Vue d’une partie de la Sierra Maestra et sa végétation foisonnante (un des monts culmine

à plus de 1900 mètres d’altitude).

Photo : Oôinn

 

 

A 56 ans de distance Ahmed Djelil se souvient encore avec émotion et soupir de cette épreuve !

 

« Dans les 10 derniers kilomètres de l’étape de la Sierra Maestra, nous avons vu un mur se dresser devant nous… Les jeeps que les équipes techniques utilisaient pour ravitailler, pour dépanner ou donner des conseils, ces jeeps là n’arrivaient pas à monter en première !

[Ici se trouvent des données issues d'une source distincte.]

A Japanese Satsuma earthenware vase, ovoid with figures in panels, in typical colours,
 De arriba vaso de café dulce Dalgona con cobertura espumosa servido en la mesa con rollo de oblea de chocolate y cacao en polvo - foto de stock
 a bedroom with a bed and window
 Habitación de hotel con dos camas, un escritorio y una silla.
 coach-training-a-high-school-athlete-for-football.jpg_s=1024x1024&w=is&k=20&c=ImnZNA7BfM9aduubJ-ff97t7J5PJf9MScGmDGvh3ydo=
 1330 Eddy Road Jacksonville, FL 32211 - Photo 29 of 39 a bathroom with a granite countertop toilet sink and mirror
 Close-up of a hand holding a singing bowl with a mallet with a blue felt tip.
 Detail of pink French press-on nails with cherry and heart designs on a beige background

« Par exemple chez nous, pour monter à Chréa il fallait un braquet de vitesse de 21. Mais là-bas un 21 ne suffisait pas ; pour monter leur montagne il fallait un 32 ! Nous n’avions pas ce braquet ; nous avons été pris de court, parce que nous ne savions pas… Moi-même à certains endroits j’ai dû mettre pied à terre, alors que j’étais le meilleur grimpeur de l’équipe… Ensuite pour remonter sur le vélo ce n’est pas une mince affaire ! C’était très dur !

 

« N’empêche qu’un des nôtre, Mahiedine Kadour, a fini deuxième de l’étape. Il était tout à fait derrière le peloton ; j’ai été le chercher et je l’ai enguelé en lui disant que la course se fait devant pas derrière !. Dans ce type de course de haut niveau il y a la tête et les jambes ! Il n’y a pas que la force. Je pense que l’entraineur en me désignant capitaine d’équiper savait ce qu’il faisait. Mahiedine est passé devant. Nous étions une équipe combative. Nos coureurs ont fait en sorte de bloquer le peloton et Mahiedine a fini par arriver deuxième, allah yerhmou… »

 

Après cette épreuve, l’équipe algérienne bénéficie d’une journée de repos dans un village touristique fait de huttes dans la Sierra Maestra.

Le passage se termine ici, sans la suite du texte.